The rising phenomenon of agent-rating and review websites is a topic that seems to have caused considerable division and controversy among the agent community, with very few sitting on the fence. A Bit like the portal...no, actually, better not open up that can of worms again.

Anyway, agent-rating websites – who are they and what do they do? The three main ones are AllAgents, Agent Tracker and raterAgent. Like Ronseal, agent rating websites pretty much do what they say on the tin. 

It's a place where sellers and landlords can leave reviews about the service they’ve received from their agent. It might be positive, it might be negative, it might be somewhere in between. Then, people who are thinking about selling or letting their home, can have a look at the reviews and work out from there the best agent to plump for. Put simply, it’s TripAdvisor for the property industry.

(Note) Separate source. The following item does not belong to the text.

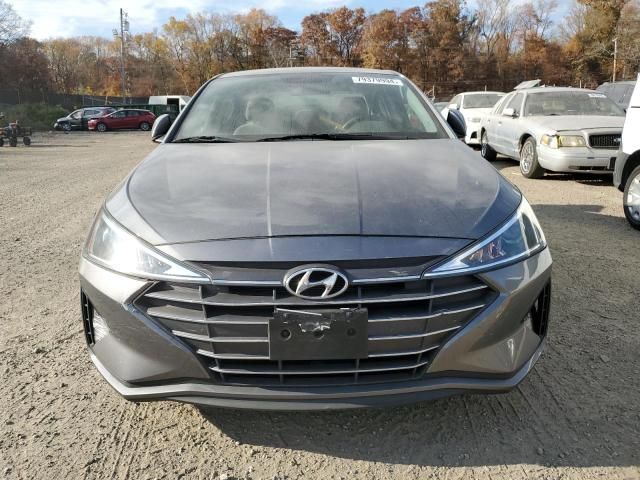 2019 Hyundai Elantra SE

Most industry people will have heard of AllAgents. They appeared on the scene two years ago, controversial, mysterious – and they’re still much the same now, very much a Marmite figure. raterAgent is the new kid on the block, launching in April 2015 after raising investment via Crowdcube.

Agent Tracker does something slightly different, in that as well as a verified review service, it partners with agents to offer free SEO support, free marketing and access to a financial services arm and conveyancing portal.

Rating and reviewing products, services and businesses is all the rage at the moment and the internet is awash with review sites. Why should estate agency be an exception to this rule? It's being done everywhere else, why shouldn't property be the same? Agents should be held to account more than they currently are. That way, the trust between agents and the public is improved.

The idea of agent-rating websites has been met with consternation by many, worried about the potential damage that could be caused by unflattering or damaging reviews, especially if these reviews have been deliberately and maliciously placed there by a rival agent. Similarly, some agents have been guilty of writing fake reviews for their own agencies, to boost their reputations.

Both these concerns are justified and understandable, and it's something that TripAdvisor and other specialist review sites have had had to contend with, too. While these issues exist, combating them is possible. Mal McCallion, raterAgent’s founder, says one of the ways to prevent fake reviews is to name and shame those involved in such underhand practices.

RaterAgent's analysis found that 78% of the fake reviews were from estate or letting agents giving themselves five star reviews, while another 14% were one-star reviews given to competitors. There are ways, though, to weed these fake reviews out. RaterAgent has a particularly thorough and stringent vetting system. 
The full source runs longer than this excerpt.